Saint laïc idolâtré par les libéraux, le fondateur des Colibris a su mobiliser l’imaginaire du paradis perdu et en faire un produit de consommation de masse. Il est mort à 83 ans.
En se répétant presque mot pour mot d’une apparition médiatique à une autre, Pierre Rabhi a ciselé durant plus d’un demi-siècle un récit autobiographique qui tient lieu à la fois de produit de consommation de masse et de manifeste articulé autour d’un choix personnel effectué en 1960 : celui d’un « retour à la terre ». Il est mort, samedi, à l’âge de 83 ans. Ses ouvrages centrés sur sa personne, ses centaines de discours et d’entretiens qui, tous, racontent sa vie ont abouti à ce résultat singulier : cet homme qui parlait continuellement de lui-même a incarné aux yeux de ses admirateurs et des journalistes la modestie et le sens des limites.
Né en 1938 à Kenadsa (région de Saoura), en Algérie, Rabah Rabhi perd sa mère vers l’âge de 4 ans et se retrouve dans une famille d’adoption, un couple de colons formé d’une institutrice et d’un ingénieur qui lui donne une éducation occidentale et bourgeoise. Fervent catholique, il adopte à 17 ans son nom de baptême, Pierre. Pendant la guerre d’Algérie, raconte-t-il, « (le) voici brandissant (son) petit drapeau par la fenêtre de la voiture qui processionne dans la ville en donnant de l’avertisseur : “Al-gé-rie-fran-çai-se” ».
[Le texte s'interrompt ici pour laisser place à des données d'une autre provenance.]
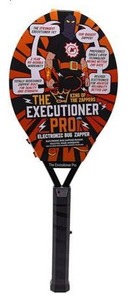 The Executioner Pro Electronic Bug Zapper - Brand New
Il gagne Paris à la fin des années 1950 et travaille chez un constructeur de machines agricoles dans les Hauts-de-Seine. Pierre Rabhi ne supporte ni la violence du monde industriel, ni les discours des syndicalistes de l’époque en faveur de la lutte des classes. Grâce au docteur Pierre Richard, ancien instructeur d’un chantier de la jeunesse près des mines de Villemagne (Gard), Pierre Rabhi rejoint, en Ardèche, une petite communauté de catholiques conservateurs plus âgés que lui et profondément influencés par le ruralisme du régime de Vichy. Il y fait la connaissance déterminante d’un écrivain d’extrême droite : Gustave Thibon. Entre le jeune néorural et le penseur conservateur se noue une relation qui durera jusqu’aux années 1990. Simultanément, Pierre Rabhi adopte les techniques agricoles pseudo-scientifiques de la biodynamie, puis débute une activité de conférencier dans les milieux tiers-mondistes.
Éloge de la pauvreté
Au cours des décennies suivantes, le fondateur du mouvement Colibris publie une trentaine d’ouvrages dont les ventes cumulées s’élèvent à 1,2 million d’exemplaires. Il dénonce les « excès de la finance », la « marchandisation du vivant » et l’opulence des puissants, mais ne prône comme solution qu’un retrait du monde, une ascèse intime, et se garde de mettre en cause les structures de pouvoir. Dans le Recours à la terre (éditions Terre du ciel, 1995), Pierre Rabhi fait l’éloge de la pauvreté, « le contraire de la misère » ; il la présente dans les années 1990 comme une « valeur de bien-être ». Quelques années plus tard, ce parti pris se muera en une exaltation de la « sobriété heureuse », expression bien faite pour cacher un projet où même la protection sociale semble un luxe répréhensible : « Beaucoup de gens bénéficient du secourisme social, a affirmé Pierre Rabhi. Mais, pour pouvoir secourir de plus en plus de gens, il faut produire des richesses. Va-t-on pouvoir l’ assumer longtemps ? »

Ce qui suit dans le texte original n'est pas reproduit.